Les Palestiniens sont victimes d’une
injustice inacceptable...
Pierre
Jourde
Pierre
Jourde est romancier (“Paradis noir” sortira chez Gallimard en février),
essayiste (“Littérature monstre” vient de paraître) critique littéraire (“La
littérature sans estomac”) et professeur à l’université de Grenoble III, du
moins tant que quelque chose comme l’université existe...
J’ai reçu ce texte par mail, sans plus de détails. Je ne sais donc pas où il a été publié la première fois.
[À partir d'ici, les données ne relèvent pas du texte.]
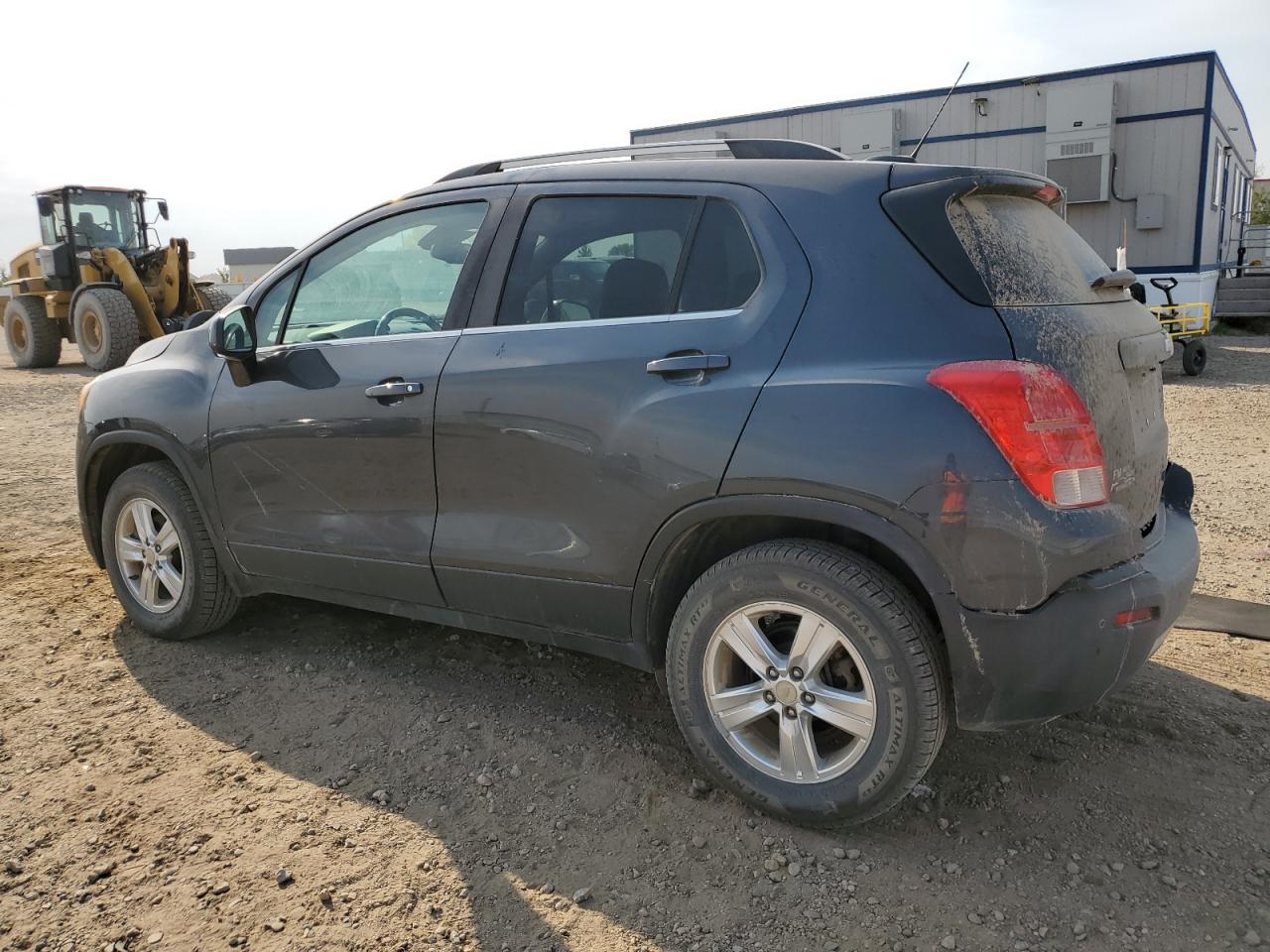 Lot #2909838988 2016 CHEVROLET TRAX 1LT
Les Palestiniens sont victimes d’une injustice
inacceptable.
Au
nombre de morts, de réfugiés, d’horreurs, il y a beaucoup mieux, un peu
partout. Remarquons, à titre d’apéritif, qu’avec la meilleure volonté du monde,
Tsahal aura du mal à exterminer autant de Palestiniens que l’ont fait, sans
états d’âmes, les régimes arabes de la région, notamment la Syrie, le Liban et
la Jordanie, qui n’en veulent pas, eux non plus, des Palestiniens, et qui ont
peu de scrupules humanitaires lorsqu’il s’agit de s’en débarrasser.
Mais
Israël est un coupable idéal, non seulement dans nos banlieues, mais en Europe
en général.
Nous
le chargeons de toute notre mauvaise conscience d’anciens colonisateurs. Une
poignée de Juifs qui transforme un désert en pays prospère et démocratique, au
milieu d’un océan de dictatures arabes sanglantes, de misère, d’islamisme et de
corruption, voilà un scandale. Il faut donc bien que cela soit intrinsèquement
coupable, sinon où serait la justice ? L’injustice est avant tout israélienne.
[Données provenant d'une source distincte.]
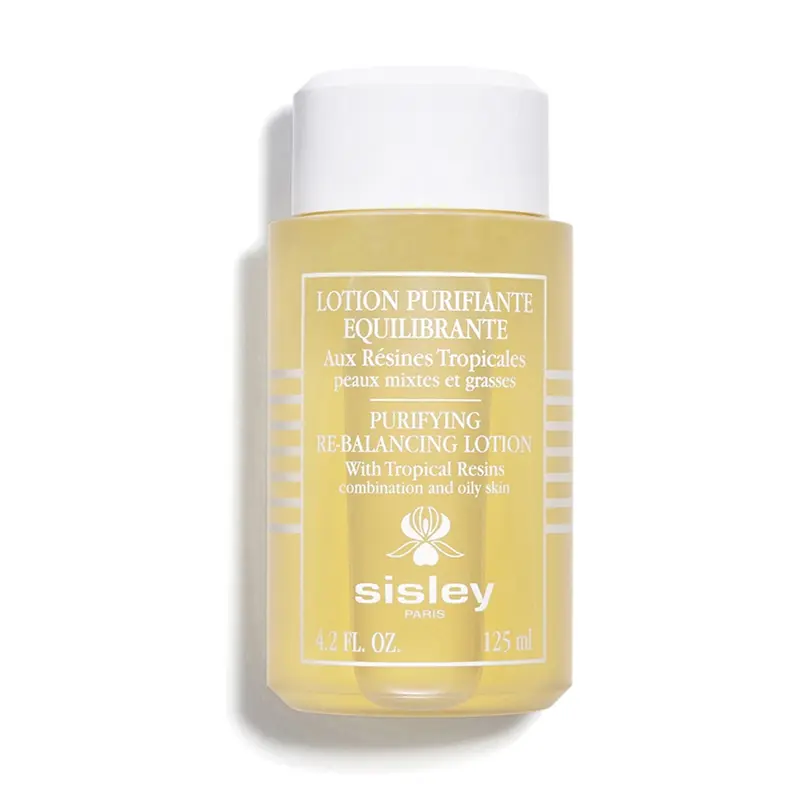 Sisley Lotion Purifiante Équilibrante aux Résines Tropicales 125 ml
Ce n’est même pas un fait, c’est une métaphysique.
Cent
chrétiens lynchés au Pakistan valent moins, médiatiquement parlant, qu’un mort
palestinien.
Pourquoi
l’injustice commise envers les Palestiniens reçoit-elle vingt fois plus d’écho
que celle faite aux Tibétains, aux Tamouls, aux chrétiens du Soudan, aux
Indiens du Guatemala, aux Touaregs du Niger, aux Noirs de Mauritanie ? Y a-t-il
plus de gens concernés, plus de sang versé, une culture plus menacée dans son
existence ? En fait, ce serait plutôt l’inverse. Que la Papouasie soit envahie
par des colons musulmans qui massacrent les Papous et trouvent, en plus,
inacceptable de voir les rescapés manger du cochon, voilà qui ne risque pas de
remporter un franc succès à Mantes la Jolie.
Que
des “sales Nègres”, considérés et nommés comme tels, soient exterminés par des
milices arabes au Darfour, les femmes enceintes éventrées, les bébés massacrés,
voilà qui ne soulève pas la colère des jeunes des cités. Et c’est dommage.
Si
l’on accorde des circonstances atténuantes à un jeune Français d’origine
maghrébine qui s’en prend à un Juif à cause de la Palestine, alors il serait
tout aussi logique de trouver excellent que tous les Maliens, Sénégalais ou
Ivoiriens d’origine s’en prennent aux Algériens et aux Tunisiens. Voilà qui
mettrait vraiment de l’ambiance dans nos banlieues.
Le
Racisme franchement assumé des Saoudiens ou des Emiratis envers les Noirs, les
Indiens ou les Philippins, traités comme des esclaves, ne soulève pas la
vindicte de la tribu Ka, ni des Noirs de France.
La
responsabilité directe des Africains dans la traite des Noirs n’induit pas des
pogroms de guinéens par les Antillais.
Pourquoi
seulement Israël ? A moins que la haine d’Israël ne soit que le paravent du bon
vieil antisémitisme; mais non, cela n’est pas possible, bien entendu.
Israël,
20.000 km2, 7 millions d’habitants, dont 5 millions de Juifs, est responsable du
malheur des Arabes, de tous les Arabes, qu’ils soient égyptiens, saoudiens ou
français.
Israël
est l’Injustice même. En le rayant de la face du globe, en massacrant les
Juifs, on effacerait l’injustice.
C’est
bon, de se sentir animé par une juste colère. C’est bon, d’éprouver la joie de
frapper et de persécuter pour une juste cause.
Voilà
pourquoi il ne faut pas dire aux “jeunes des cités” que les deux millions d’Arabes
israéliens ont le droit de vote, élisent leurs députés librement. Ne leur dites
pas qu’Israël soutient financièrement la Palestine. Ne leur dites pas que des
milliers de Palestiniens vont se faire soigner dans les hôpitaux israéliens.
Ne
leur dites pas que l’université hébraïque de Jérusalem est pleine de jeunes
musulmanes voilées. Ne leur demandez pas où sont passés les milliers de Juifs d’Alexandrie.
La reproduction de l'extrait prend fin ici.